The Snake River Birds of Prey National Conservation Area (NCA) was established by Congress in 1993 to preserve wildlife habitat and provide other compatible uses of the land. More than 700 pairs of raptors nest each spring along 81 miles of the Snake River Canyon. Cliffs tower to 700 feet above the Snake River, providing countless ledges, cracks and crevices for nesting raptors.
Photo Credit: Bob Wick
While the Snake River Birds of Prey National Conservation Area is open year-round, the best time to visit is mid-March through June. In March watch for eagle flight displays; in May for chick feeding; and the first week of June for fledging of the young.

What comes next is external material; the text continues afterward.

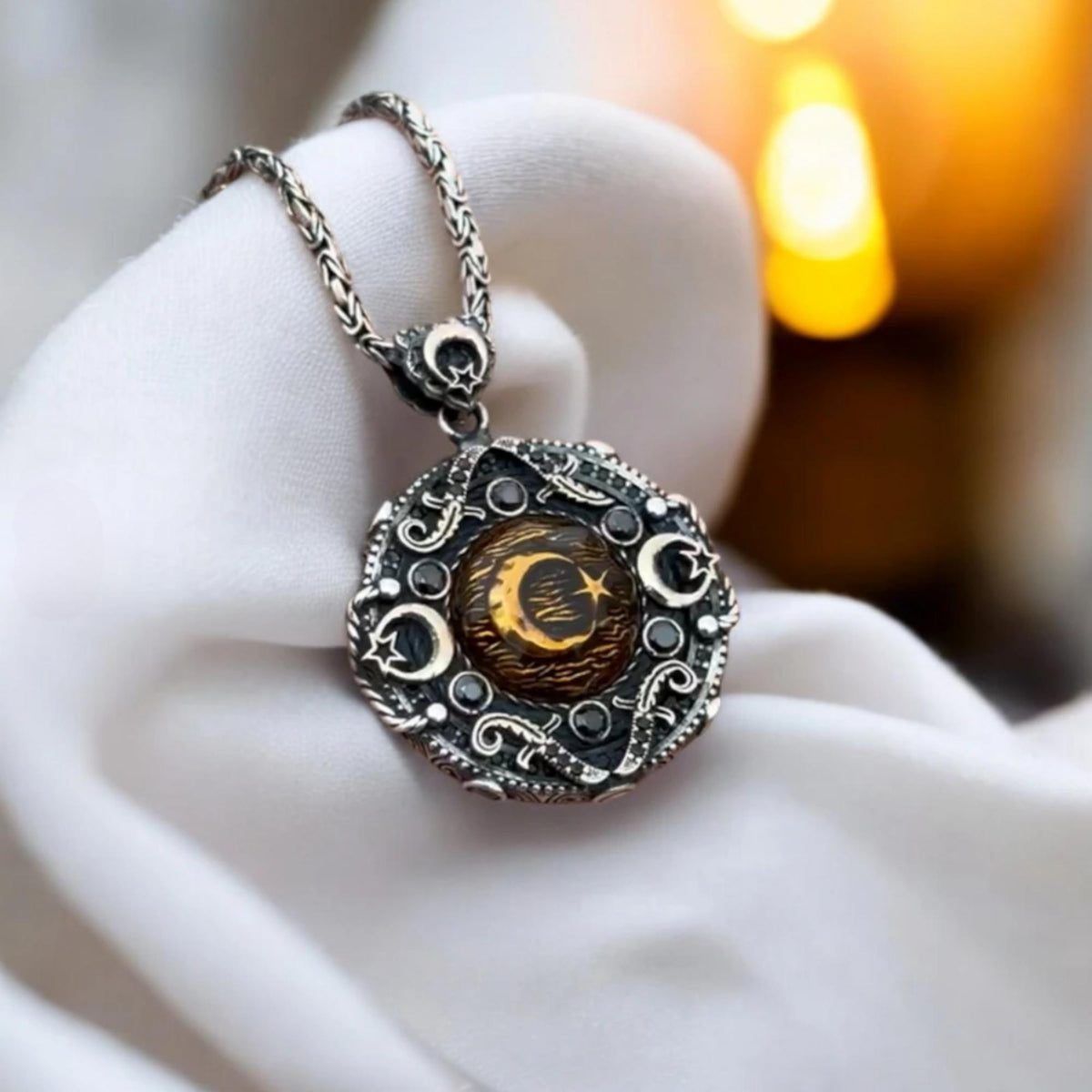 Turkish moon and star medallion necklace – view 3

Photo Credit: Antonia Hedrick, BLM
Types of nesters include:
Photo Credit : Larry Ridenhour, BLM
- Prarie Falcons
- American Kestrel
- Golden Eagle
- Northern Harrier
- Western Screech-owls
- Red-tailed and ferruginous hawks
- Rufous Hummingbirds
- Rock and Canyon Wrens
- Loggerhead Shrike
The 485,000-acre Birds of Prey area encompasses these recreation sites:
Celebration Park Visitor Center
Idaho’s only archaeological park, with huge basalt melon gravel revealing petroglyphs 100 to 10,000 years old.
36 campsites with gravel pads, cabanas, fire rings, community water spigots, outhouses, garbage service, boat ramp and docks, and an RV dumpsite.
Dedication Point Overlook
Overlook 400 feet above the snake river and watch for raptors, sparrows, an so much more at the plateau.
Halverson Bar Trail System
A two-mile sandbar along the Snake River, two shallow lakes nestled below the rimrock and sand dunes, and miles of hiking trails.
Swan Falls Picnic Area
The oldest hydroelectric generating site on the Snake River, now operating as a museum for visitors.